> _WORK TASK_
The full set of lines below has to be duplicated exactly, with no picture kept.

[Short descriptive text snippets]
------------------------------------------------

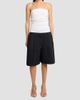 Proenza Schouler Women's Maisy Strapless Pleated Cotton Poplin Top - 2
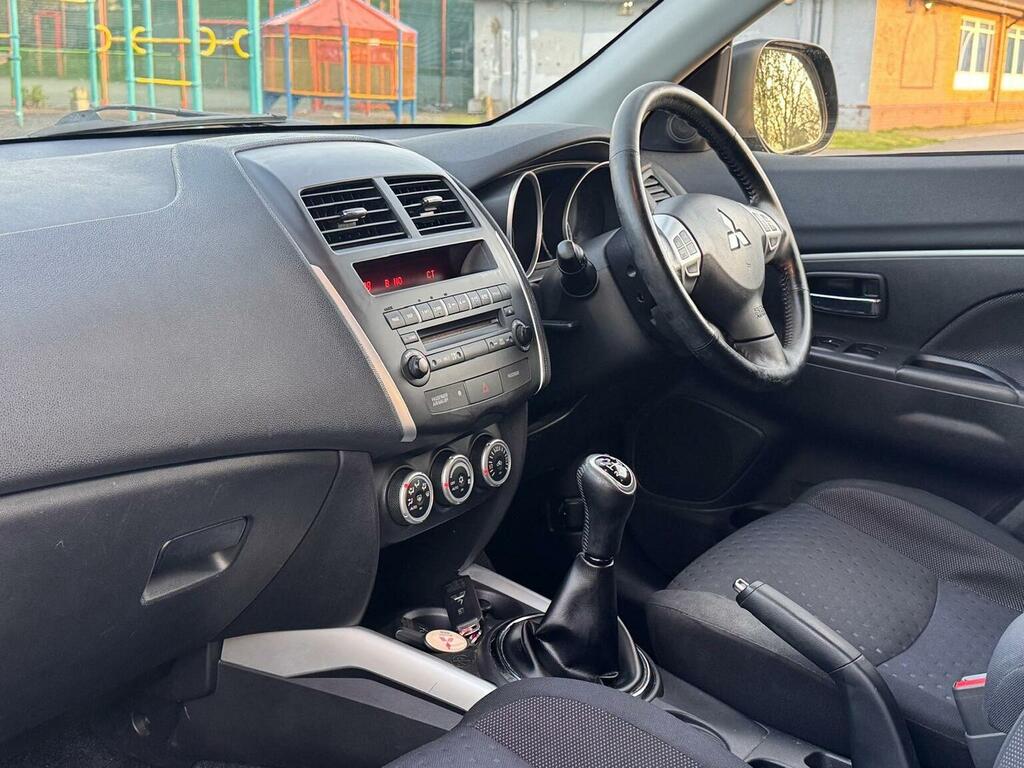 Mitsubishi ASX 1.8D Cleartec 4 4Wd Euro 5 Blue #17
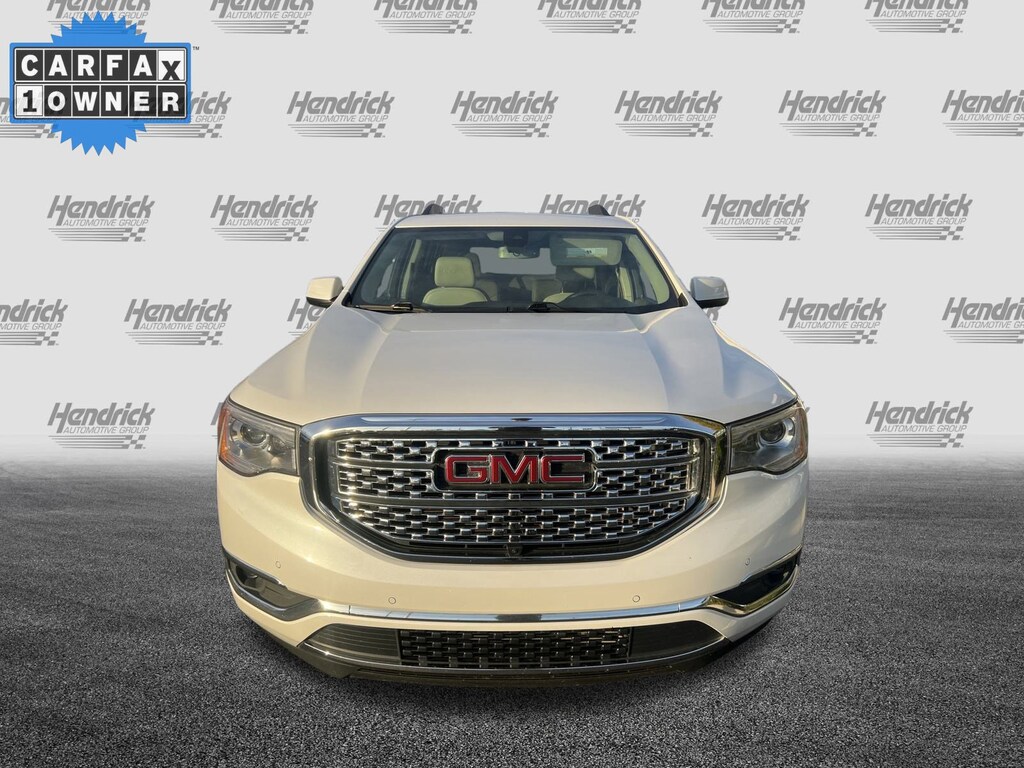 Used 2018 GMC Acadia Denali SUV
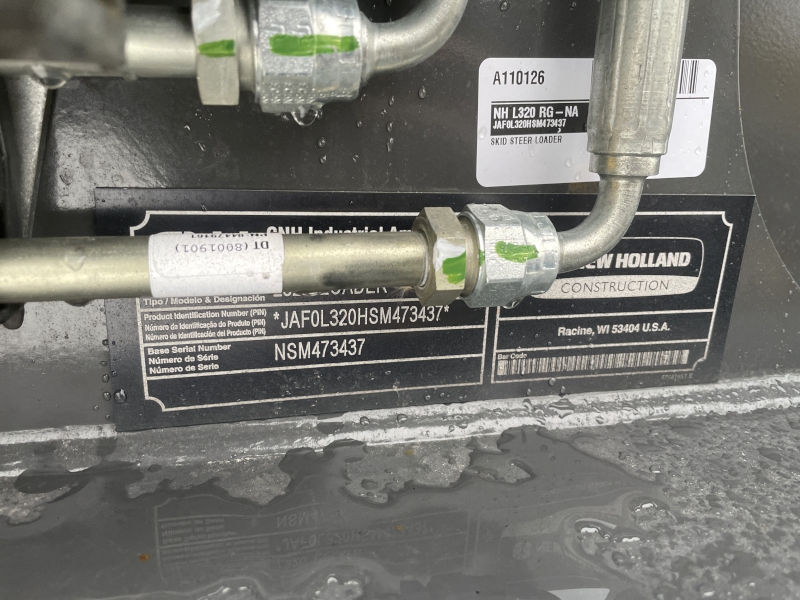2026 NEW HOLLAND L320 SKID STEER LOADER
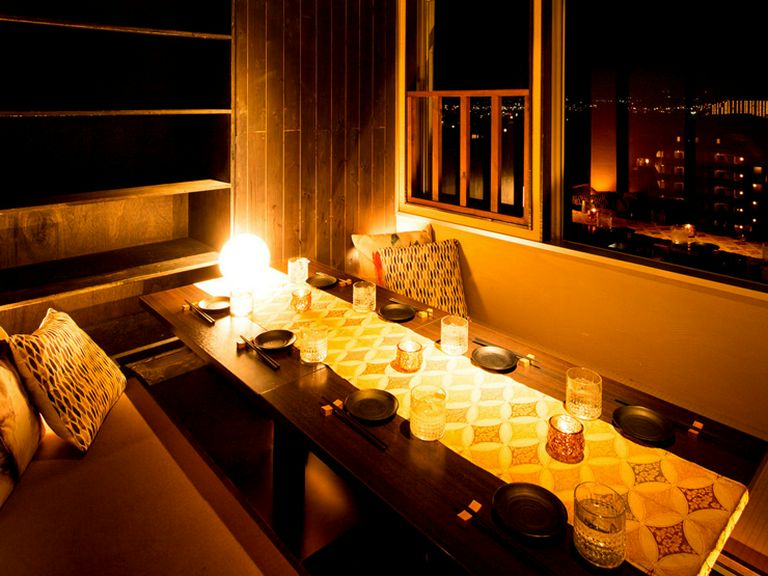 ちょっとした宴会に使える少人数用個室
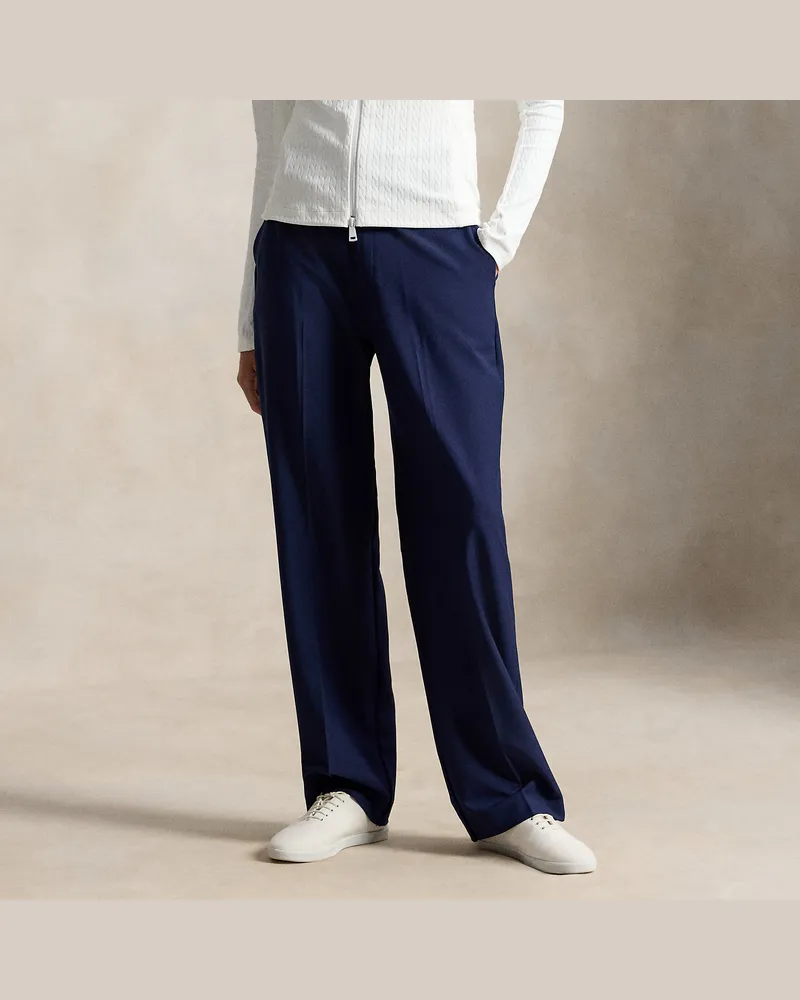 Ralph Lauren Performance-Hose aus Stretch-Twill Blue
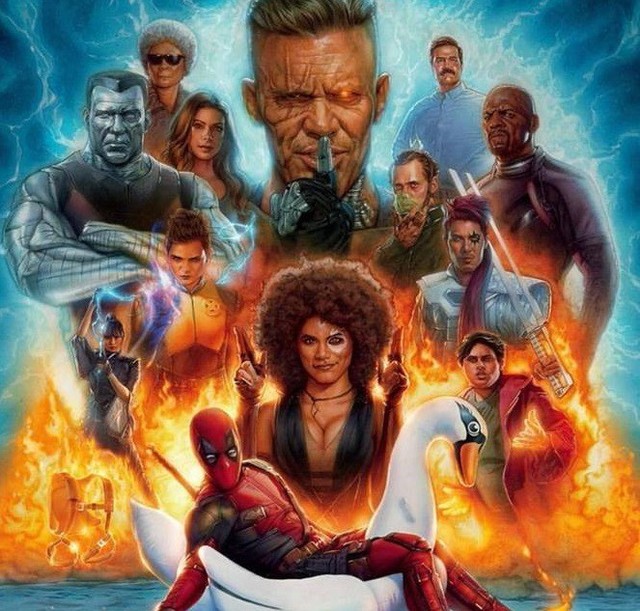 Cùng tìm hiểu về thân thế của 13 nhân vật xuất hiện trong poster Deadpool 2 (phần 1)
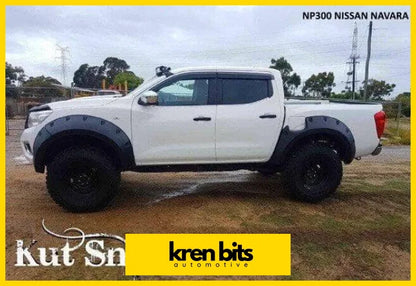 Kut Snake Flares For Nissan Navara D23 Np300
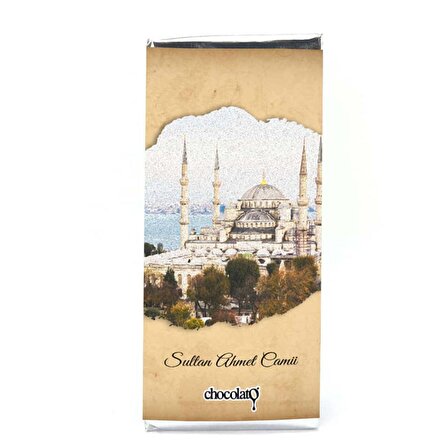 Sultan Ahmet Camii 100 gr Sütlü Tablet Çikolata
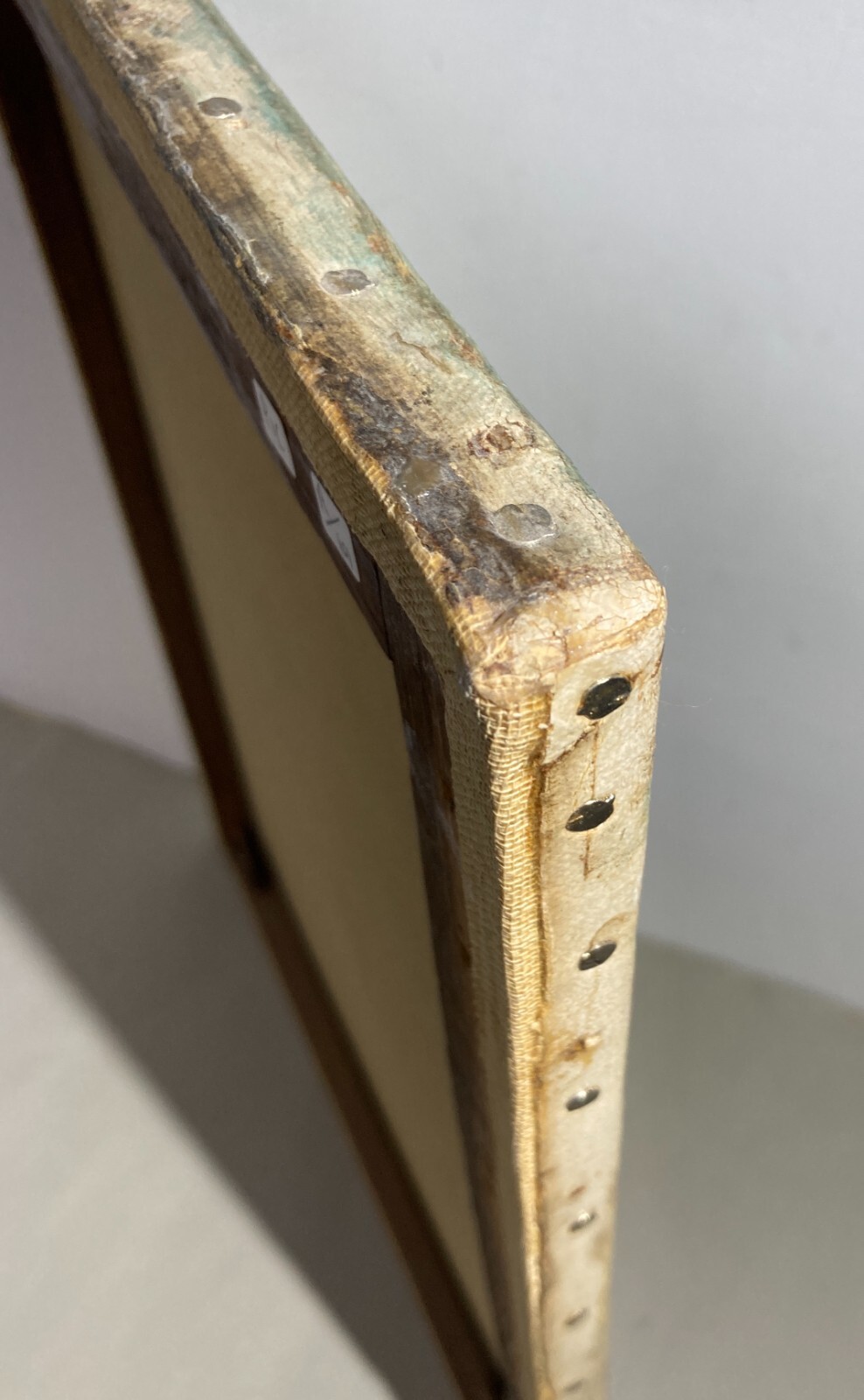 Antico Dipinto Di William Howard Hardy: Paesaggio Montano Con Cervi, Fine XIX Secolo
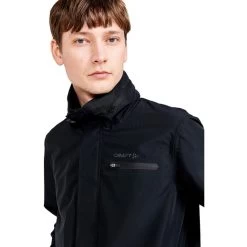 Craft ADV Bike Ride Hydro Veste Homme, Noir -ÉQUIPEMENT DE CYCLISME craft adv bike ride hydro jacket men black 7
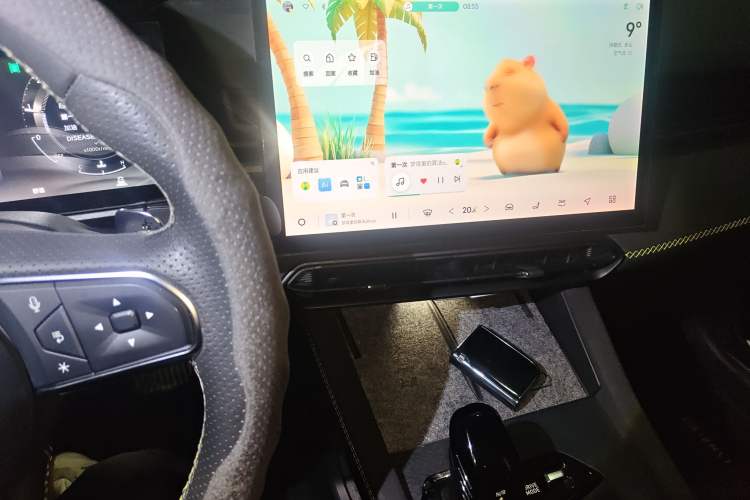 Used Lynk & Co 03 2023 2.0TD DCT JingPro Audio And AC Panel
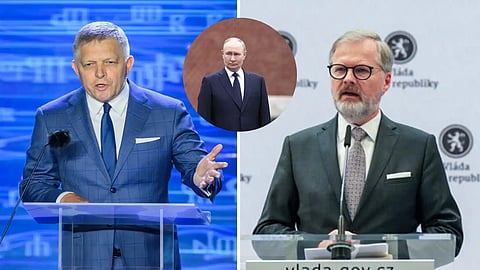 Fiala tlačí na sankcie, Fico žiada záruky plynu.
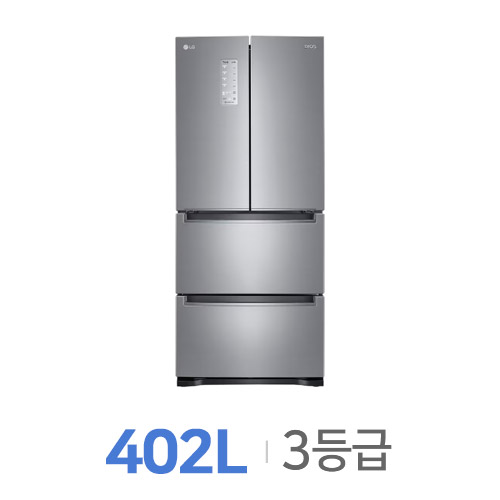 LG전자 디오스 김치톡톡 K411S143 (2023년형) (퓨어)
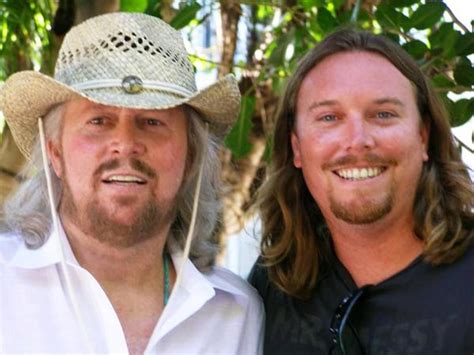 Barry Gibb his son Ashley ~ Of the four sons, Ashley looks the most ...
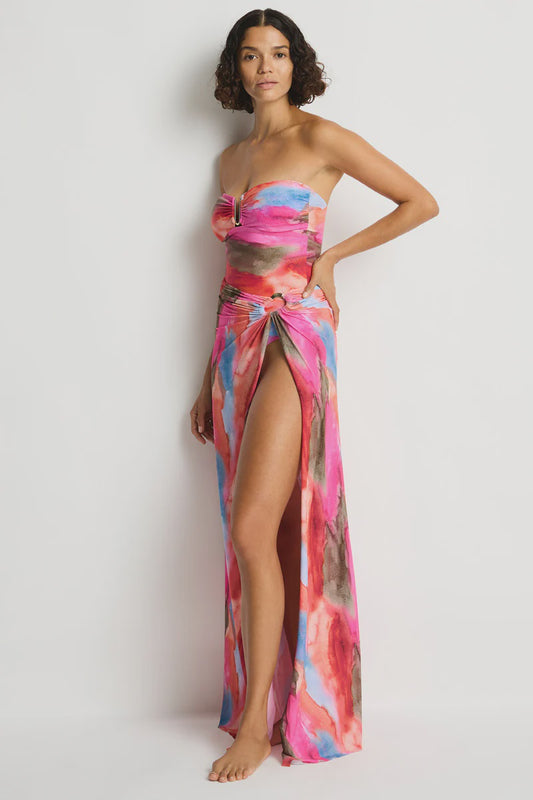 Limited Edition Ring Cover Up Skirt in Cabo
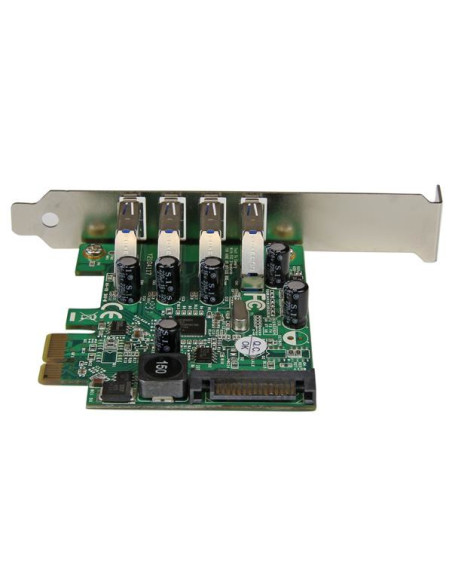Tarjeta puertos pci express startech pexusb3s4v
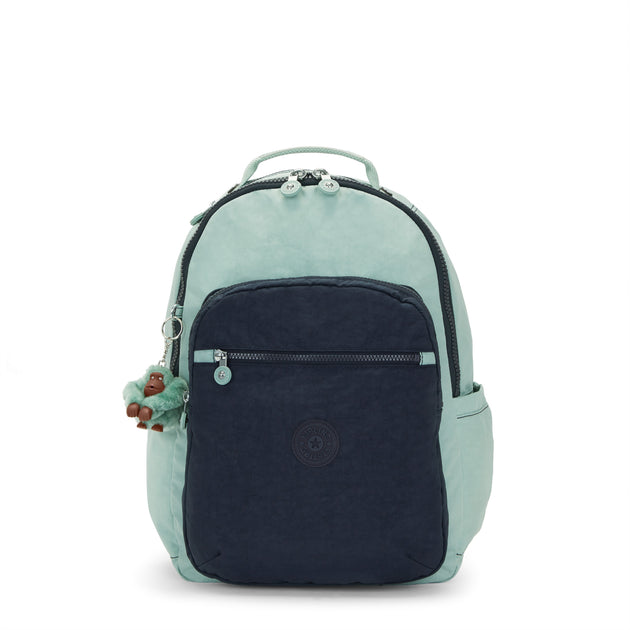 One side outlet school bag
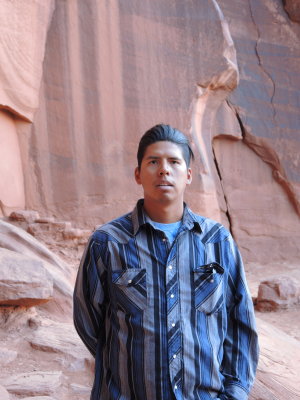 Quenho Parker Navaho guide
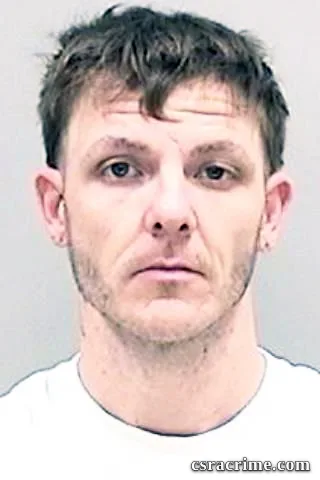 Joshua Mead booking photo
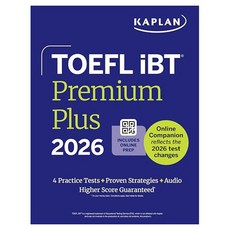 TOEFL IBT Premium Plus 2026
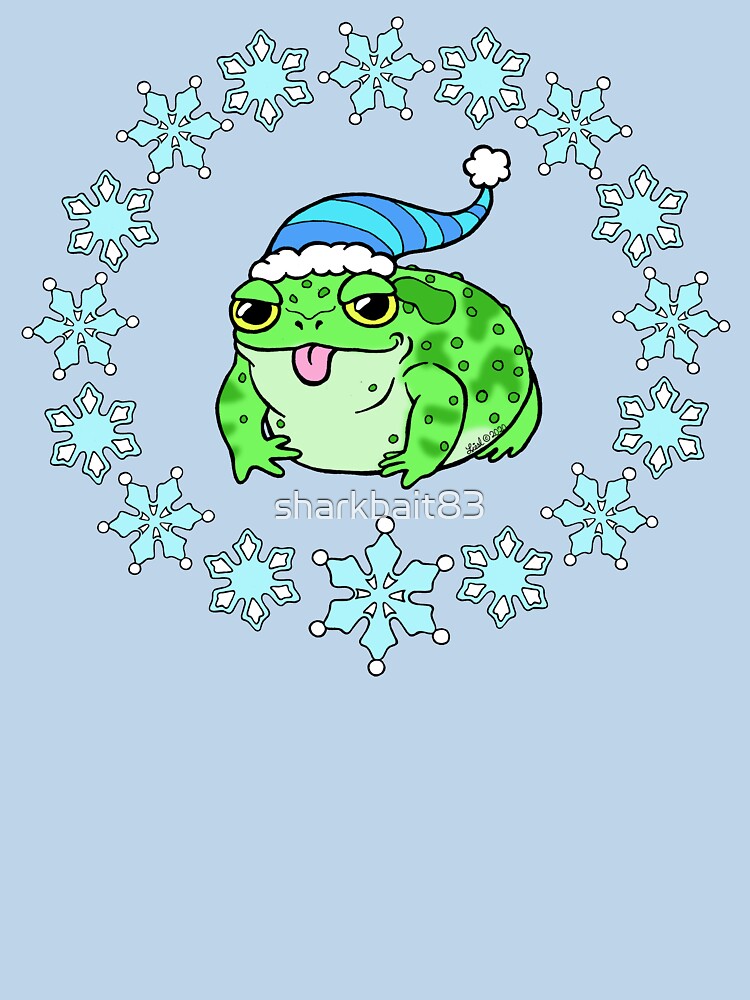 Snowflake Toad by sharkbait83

------------------------------------------------

> _EXERCISE RESULT_
 Proenza Schouler Women's Maisy Strapless Pleated Cotton Poplin Top - 2
 Mitsubishi ASX 1.8D Cleartec 4 4Wd Euro 5 Blue #17
 Used 2018 GMC Acadia Denali SUV
2026 NEW HOLLAND L320 SKID STEER LOADER
 ちょっとした宴会に使える少人数用個室
 Ralph Lauren Performance-Hose aus Stretch-Twill Blue
 Cùng tìm hiểu về thân thế của 13 nhân vật xuất hiện trong poster Deadpool 2 (phần 1)
 Kut Snake Flares For Nissan Navara D23 Np300
 Sultan Ahmet Camii 100 gr Sütlü Tablet Çikolata
 Antico Dipinto Di William Howard Hardy: Paesaggio Montano Con Cervi, Fine XIX Secolo
 Craft ADV Bike Ride Hydro Veste Homme, Noir -ÉQUIPEMENT DE CYCLISME craft adv bike ride hydro jacket men black 7
 Used Lynk & Co 03 2023 2.0TD DCT JingPro Audio And AC Panel
 Fiala tlačí na sankcie, Fico žiada záruky plynu.
 LG전자 디오스 김치톡톡 K411S143 (2023년형) (퓨어)
 Barry Gibb his son Ashley ~ Of the four sons, Ashley looks the most ...
 Limited Edition Ring Cover Up Skirt in Cabo
Tarjeta puertos pci express startech pexusb3s4v
 One side outlet school bag
 Quenho Parker Navaho guide
 Joshua Mead booking photo
 TOEFL IBT Premium Plus 2026
 Snowflake Toad by sharkbait83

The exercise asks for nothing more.